To graduate from the UC College of Arts and Sciences, students must:

  • Earn at least 120 credits. This can include transfer credit, AP credit and free electives, but does not include preparatory coursework. Students who have met all other degree requirements must continue earning credit until the total number of their earned hours comes to at least 120.
  • Attain a 2.0 grade point average for all courses taken at the University of Cincinnati.
  • Be in good academic standing, that is, not on either academic probation or disciplinary probation or suspension.
  • Complete the residency requirement by earning at least 30 credits after matriculating into the college.
  • Complete all of the requirements of at least one major (see major requirements above).
  • Complete the College Core Requirements.
  • Submit an application for graduation to the registrar's office by their posted deadline.
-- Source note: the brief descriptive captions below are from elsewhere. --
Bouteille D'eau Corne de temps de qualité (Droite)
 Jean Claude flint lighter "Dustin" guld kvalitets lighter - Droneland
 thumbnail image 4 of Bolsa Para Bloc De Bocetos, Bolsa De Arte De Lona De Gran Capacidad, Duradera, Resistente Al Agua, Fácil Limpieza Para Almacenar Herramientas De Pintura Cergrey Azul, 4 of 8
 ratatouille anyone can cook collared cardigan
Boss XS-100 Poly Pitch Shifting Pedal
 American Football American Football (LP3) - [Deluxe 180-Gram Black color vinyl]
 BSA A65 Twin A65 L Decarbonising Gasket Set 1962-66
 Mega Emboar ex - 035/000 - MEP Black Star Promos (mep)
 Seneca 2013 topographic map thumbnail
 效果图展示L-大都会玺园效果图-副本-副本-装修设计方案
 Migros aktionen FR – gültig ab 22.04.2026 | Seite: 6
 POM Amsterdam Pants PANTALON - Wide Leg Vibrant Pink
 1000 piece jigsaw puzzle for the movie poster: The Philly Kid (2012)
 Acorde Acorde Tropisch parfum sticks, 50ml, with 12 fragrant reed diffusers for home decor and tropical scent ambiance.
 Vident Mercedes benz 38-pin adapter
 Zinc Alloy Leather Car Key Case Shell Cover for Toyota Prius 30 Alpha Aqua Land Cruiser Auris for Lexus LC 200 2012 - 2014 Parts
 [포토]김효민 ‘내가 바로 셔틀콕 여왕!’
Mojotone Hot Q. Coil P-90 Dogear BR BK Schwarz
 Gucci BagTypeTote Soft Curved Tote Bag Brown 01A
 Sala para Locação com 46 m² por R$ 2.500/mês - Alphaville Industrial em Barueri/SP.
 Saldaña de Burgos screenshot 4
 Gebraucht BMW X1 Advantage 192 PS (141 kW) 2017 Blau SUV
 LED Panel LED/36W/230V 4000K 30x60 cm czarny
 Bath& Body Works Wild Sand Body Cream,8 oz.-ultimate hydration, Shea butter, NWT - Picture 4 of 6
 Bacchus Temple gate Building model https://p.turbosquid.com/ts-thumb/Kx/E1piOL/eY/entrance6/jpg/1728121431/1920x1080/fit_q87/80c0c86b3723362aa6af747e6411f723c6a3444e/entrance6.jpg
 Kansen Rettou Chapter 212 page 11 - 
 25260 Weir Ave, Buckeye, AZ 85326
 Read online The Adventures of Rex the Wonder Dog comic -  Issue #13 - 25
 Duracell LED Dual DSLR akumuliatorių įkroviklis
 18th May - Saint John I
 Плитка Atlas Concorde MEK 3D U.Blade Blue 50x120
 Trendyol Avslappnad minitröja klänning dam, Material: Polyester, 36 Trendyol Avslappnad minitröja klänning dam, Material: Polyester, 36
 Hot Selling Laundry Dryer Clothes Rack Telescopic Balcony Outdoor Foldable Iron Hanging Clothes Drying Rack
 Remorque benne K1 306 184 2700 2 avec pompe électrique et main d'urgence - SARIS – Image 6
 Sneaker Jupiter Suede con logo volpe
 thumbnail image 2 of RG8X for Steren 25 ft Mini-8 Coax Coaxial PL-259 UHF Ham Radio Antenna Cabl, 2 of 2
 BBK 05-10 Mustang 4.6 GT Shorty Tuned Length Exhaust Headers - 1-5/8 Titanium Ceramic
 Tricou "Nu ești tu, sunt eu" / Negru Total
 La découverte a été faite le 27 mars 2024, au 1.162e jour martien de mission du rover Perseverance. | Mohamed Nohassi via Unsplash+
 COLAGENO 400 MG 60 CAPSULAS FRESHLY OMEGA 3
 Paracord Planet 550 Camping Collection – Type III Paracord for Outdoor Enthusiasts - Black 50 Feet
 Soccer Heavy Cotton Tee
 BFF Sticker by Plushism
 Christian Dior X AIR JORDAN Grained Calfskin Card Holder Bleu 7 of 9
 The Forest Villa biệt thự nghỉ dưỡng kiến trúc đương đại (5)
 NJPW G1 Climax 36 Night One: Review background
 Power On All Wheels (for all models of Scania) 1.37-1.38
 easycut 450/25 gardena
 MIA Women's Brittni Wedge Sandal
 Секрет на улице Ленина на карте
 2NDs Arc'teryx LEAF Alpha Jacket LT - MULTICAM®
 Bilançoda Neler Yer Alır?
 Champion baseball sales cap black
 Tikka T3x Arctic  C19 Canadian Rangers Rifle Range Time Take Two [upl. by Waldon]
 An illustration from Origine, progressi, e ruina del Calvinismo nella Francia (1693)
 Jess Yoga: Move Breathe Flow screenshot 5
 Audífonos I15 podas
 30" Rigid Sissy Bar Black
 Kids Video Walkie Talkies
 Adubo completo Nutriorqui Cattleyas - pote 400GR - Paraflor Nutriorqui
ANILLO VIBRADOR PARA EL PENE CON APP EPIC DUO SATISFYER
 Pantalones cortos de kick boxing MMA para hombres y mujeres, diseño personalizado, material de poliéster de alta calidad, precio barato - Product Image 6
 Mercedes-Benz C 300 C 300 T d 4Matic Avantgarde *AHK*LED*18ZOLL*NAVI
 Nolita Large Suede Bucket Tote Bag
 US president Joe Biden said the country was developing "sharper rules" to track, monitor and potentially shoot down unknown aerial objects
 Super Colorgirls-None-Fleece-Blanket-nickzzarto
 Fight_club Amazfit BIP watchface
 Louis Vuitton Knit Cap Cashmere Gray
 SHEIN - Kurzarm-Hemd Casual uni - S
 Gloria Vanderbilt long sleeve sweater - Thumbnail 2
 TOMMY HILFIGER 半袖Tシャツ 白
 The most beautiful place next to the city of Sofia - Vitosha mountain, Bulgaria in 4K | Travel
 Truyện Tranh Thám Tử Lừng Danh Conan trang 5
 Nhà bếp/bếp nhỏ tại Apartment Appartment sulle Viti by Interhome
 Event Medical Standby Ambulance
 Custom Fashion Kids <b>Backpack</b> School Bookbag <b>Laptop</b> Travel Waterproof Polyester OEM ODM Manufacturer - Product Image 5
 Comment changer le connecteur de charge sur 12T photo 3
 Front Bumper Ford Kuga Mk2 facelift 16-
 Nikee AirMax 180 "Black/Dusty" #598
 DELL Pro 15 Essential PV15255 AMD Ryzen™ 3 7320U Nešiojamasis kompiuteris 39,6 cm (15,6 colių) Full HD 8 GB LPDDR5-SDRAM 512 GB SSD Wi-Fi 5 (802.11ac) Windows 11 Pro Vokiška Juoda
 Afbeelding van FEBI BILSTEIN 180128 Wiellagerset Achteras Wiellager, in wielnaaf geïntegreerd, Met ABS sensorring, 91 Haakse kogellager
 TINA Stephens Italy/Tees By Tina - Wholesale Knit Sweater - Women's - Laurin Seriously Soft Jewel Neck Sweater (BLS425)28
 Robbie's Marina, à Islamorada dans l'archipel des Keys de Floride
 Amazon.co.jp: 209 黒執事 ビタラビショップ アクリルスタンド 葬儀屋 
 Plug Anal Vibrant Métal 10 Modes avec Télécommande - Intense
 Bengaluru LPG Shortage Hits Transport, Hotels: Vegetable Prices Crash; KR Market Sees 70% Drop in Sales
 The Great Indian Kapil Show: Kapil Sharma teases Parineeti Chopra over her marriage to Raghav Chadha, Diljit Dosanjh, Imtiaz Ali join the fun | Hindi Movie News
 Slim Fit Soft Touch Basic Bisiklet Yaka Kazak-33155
Admission to A&S is generally available for any off-campus student who was admissible directly from high school and has 2.0 GPA cum and a 2.0 in the most recent institution.

Students who were not admissible directly from high school must have:

  • 24 semester (36 quarter) hours earned
  • at least a 2.0 GPA cum and a 2.0 at most recent institution
  • successfully completed one semester of English composition or its equivalent
  • successfully completed one semester of math with a grade of C- or higher that minimally meets on of the following:
    • Mathematical Literacy (MATH 0029)
    • Intermediate Algebra (MATH 0034)
    • Algebra for College (MATH 0039)
    • Students may also take the UC Math Placement exam, but must score an MPT of 420 or higher

University transfer scholarships are available to those who meet specific requirements and ANY admitted A&S transfer student might qualify for an A&S transfer scholarship. Deadlines and eligibility criteria are online via the previous links.

Admission to A&S is generally available for University of Cincinnati students enrolled in other colleges if they were admissible directly from high school, have a cumulative 2.0 GPA and a 2.0 in their most recent UC college.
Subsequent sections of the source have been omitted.